Davis praises the couple’s efforts because of their dedication.
“They are very committed,” she said. “They often come in when they don’t have to, and Ron often donates his time. They are very community-minded and will help in any way they can. Terry is very creative, too, sometimes having S’mores at the fireplace or making homemade ice cream. Even if there is a mistake, she will make something of it.”
Ron and Terry are up and at the Center early, before Terry goes in for her shift downtown at 9. Ron is at the Center throughout the day, mostly managing the wood shop, but also helping out in the kitchen. Terry gets out of her fulltime job at 5 p.m., and except for Fridays and Saturdays, she is back at the Center around 6:30 p.m. preparing the next day’s meal. Ron comes along, volunteering his time in the evenings, so that Terry isn’t by herself. Together they work on preparing the next day’s meal. They avoid working Friday and Saturday nights.
“I’m old school,” Terry said, while stirring a huge pot of homemade chili. “I actually prepare and cook good, old-fashioned meals. They’re nothing fancy, but everyone knows that when you make baked beans you put a little bacon in them. That’s something they had not been getting here.”

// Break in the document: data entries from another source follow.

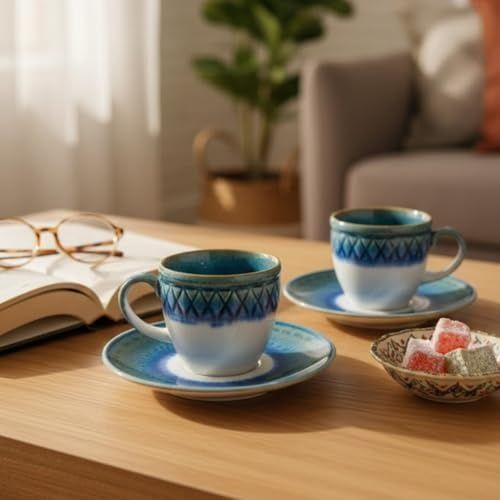Royal Standart 57855210131421180184975 Rustik Kahve Yanı İkram Bardağı 2 Adet Şeffaf Akrilik Desenli Çiftlere Özel Şık Sunum Ve Likör Bardağı Açık Ahşap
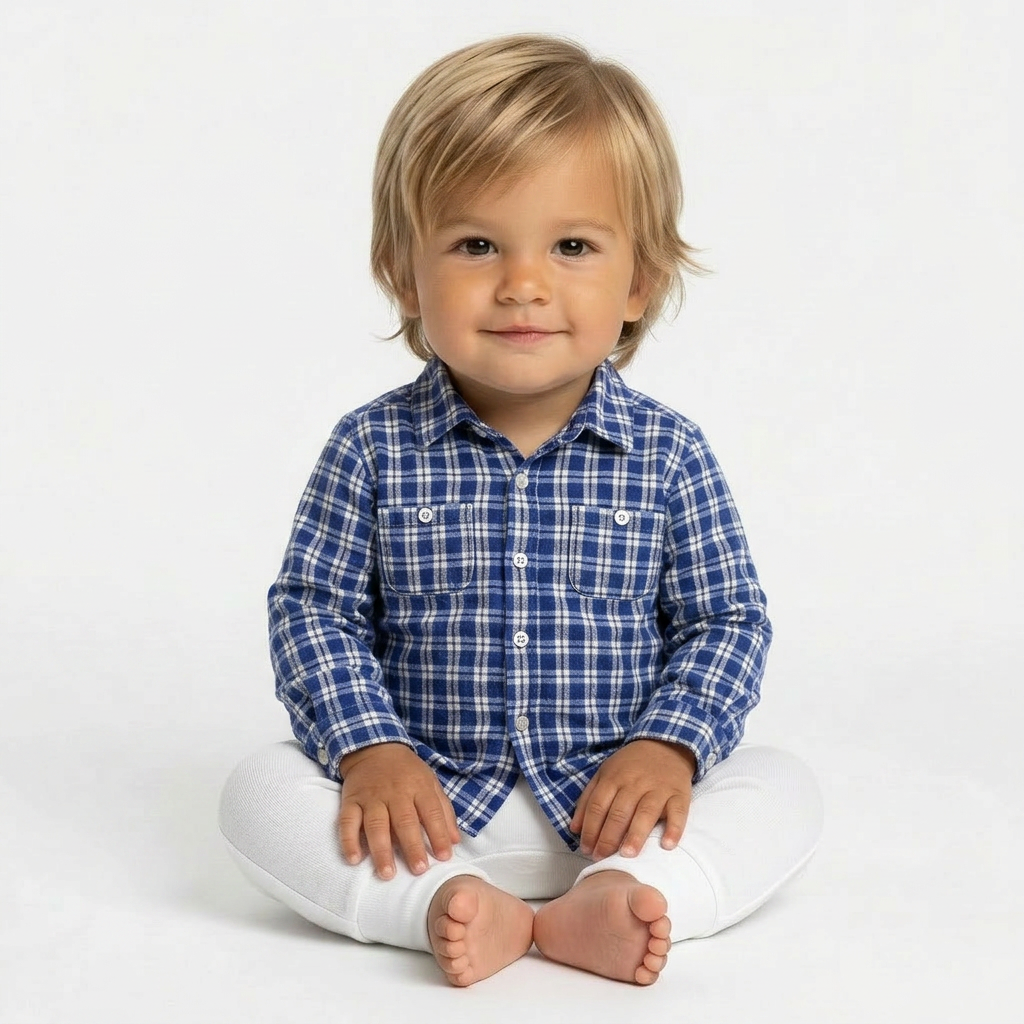 BONPOINT - CHEMISE - BLEU, GRIS - 12 MOIS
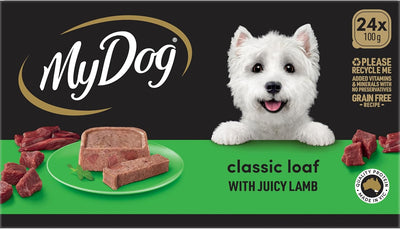 MY DOG Adult Wet Dog Food Classic Loaf with Juicy Lamb 24 x 100g Trays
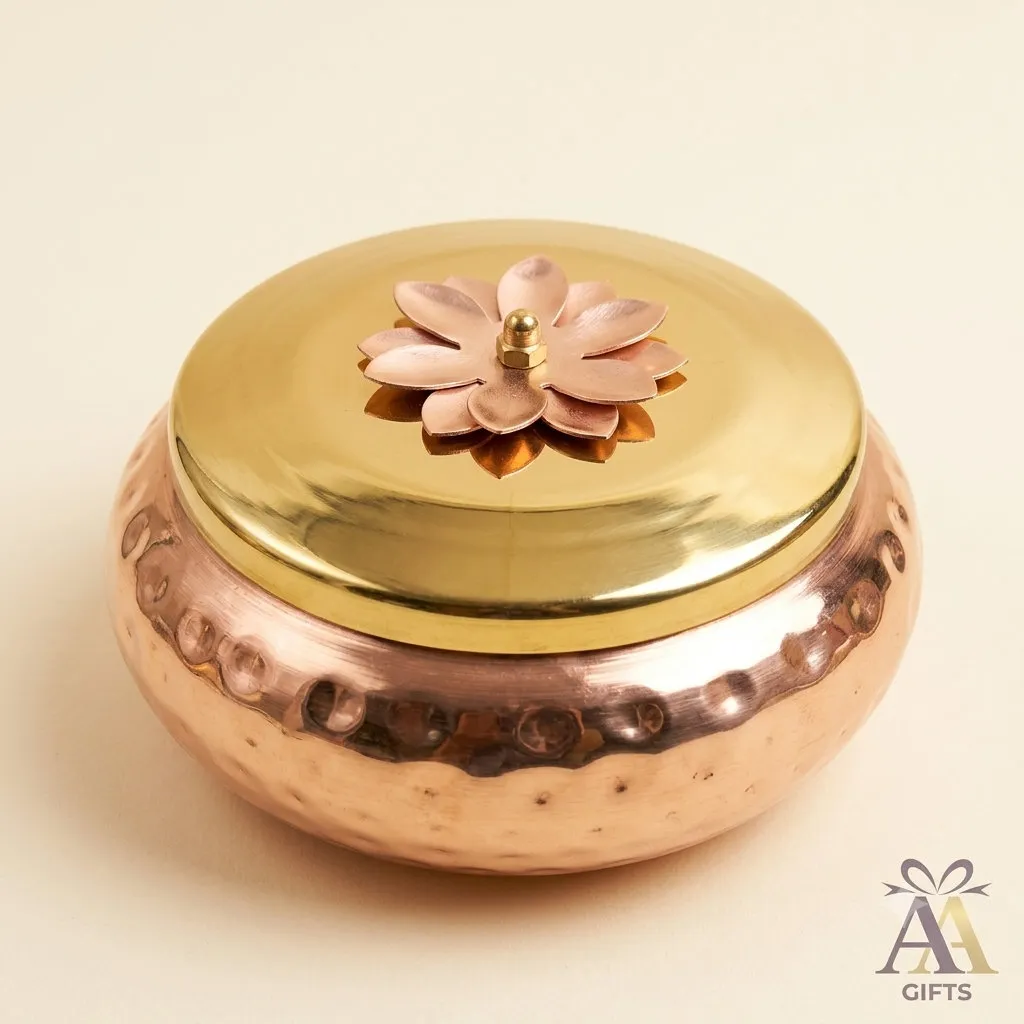 Copper Hammered Decorative Lotus Container for weddings, pooja favors, baby showers and festive gifting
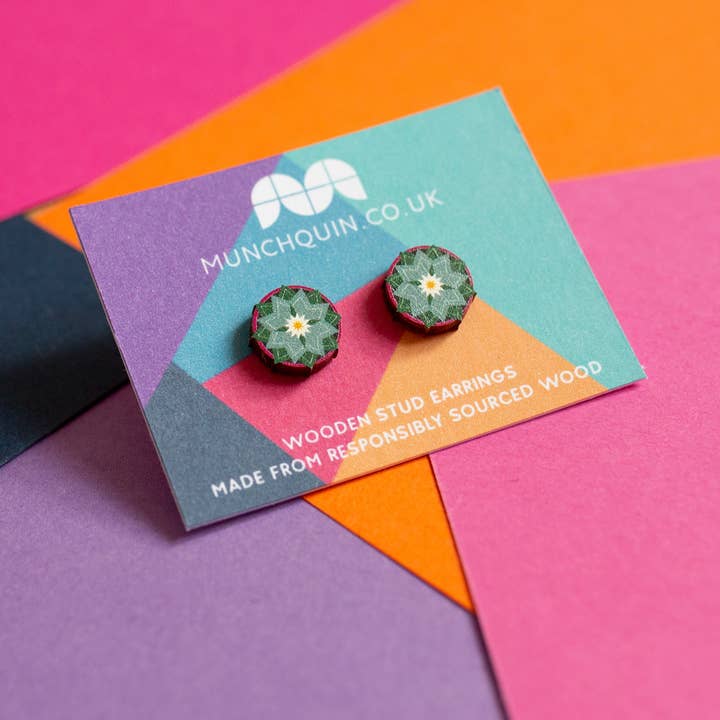 Geo Succulents - eco friendly wooden stud earrings for wholesale by Hey There Munchquin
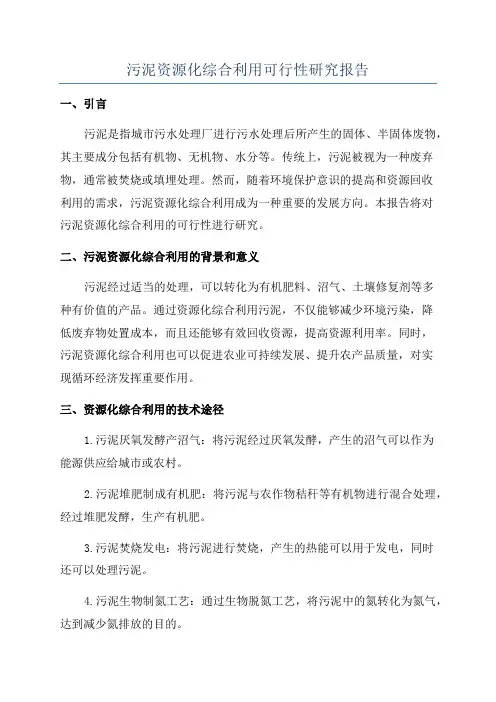 污泥资源化综合利用可行性研究报告
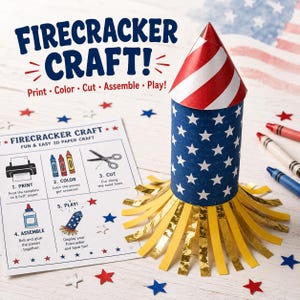 Pode incluir: Um artesanato de foguete de papel 3D com um cilindro azul de estrelas brancas, um topo cônico de listras vermelhas e brancas e franjas douradas na base. Uma folha de instruções intitulada FIRECRACKER CRAFT com os passos 1 a 5 está visível.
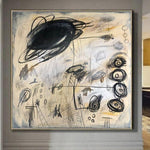Original Abstract Beige Paintings On Canvas Black Acrylic Art Modern Wall Art | PERPETUUM MOBILE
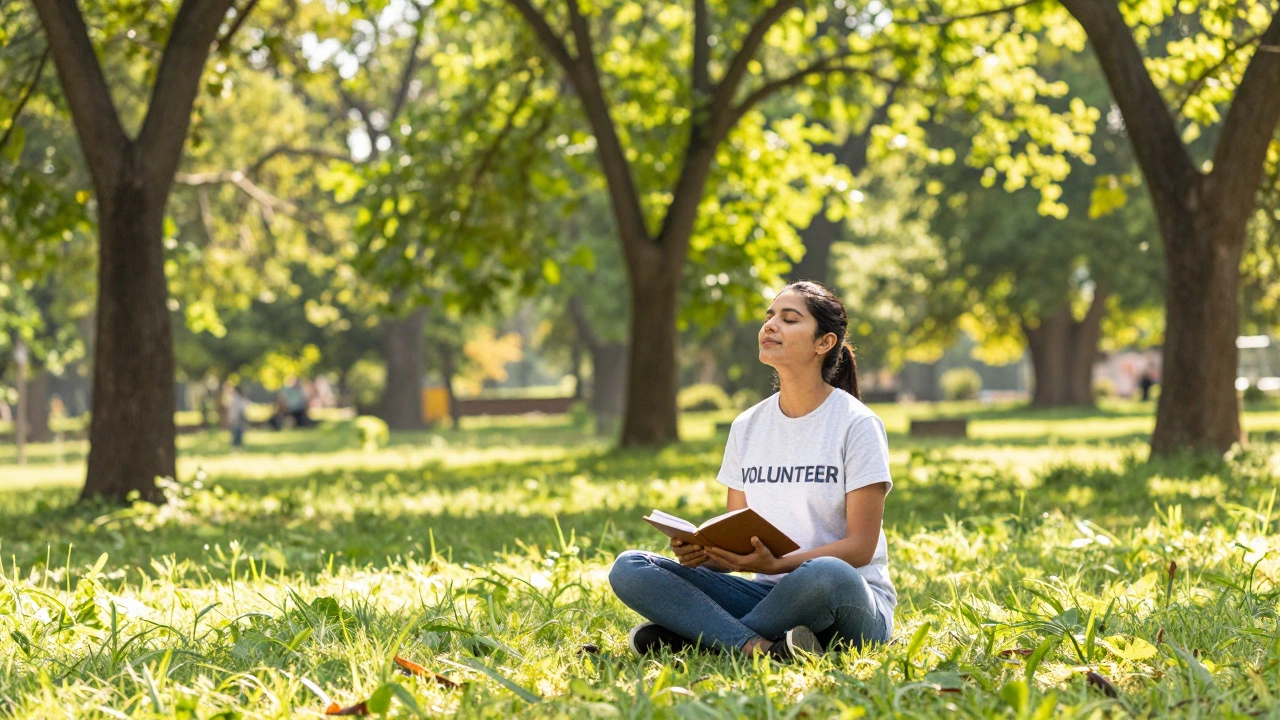 Volunteer meditating peacefully in a sunny green park for self-care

While planning meals they have to be careful to allow for a variety of food allergies, those with diabetes, and other special diets. They make accommodations accordingly. The food has to be ready for the Center’s steam table by noon.
The Center would like to know if people are coming for lunch, so that Terry can prepare the right amount of food. There are some “walk-ins,” Davis said, but there is usually enough for a couple of extra plates. Terry and Ron try to plan accordingly, so there is no waste.
“They are not over-cooking,” Davis said. “There are some days when we think, ‘are we going to make it?’ but we usually do. They are doing a good job saving money and preventing waste.”
Anywhere from 80 to 100 people are served daily at the McCormick Senior Center, numbers that are staying fairly steady thanks to the meals Terry and Ron prepare.
“Every now and then people come up to us and say, ‘man, that meal was really good,’” Ron says. “We love to hear that.”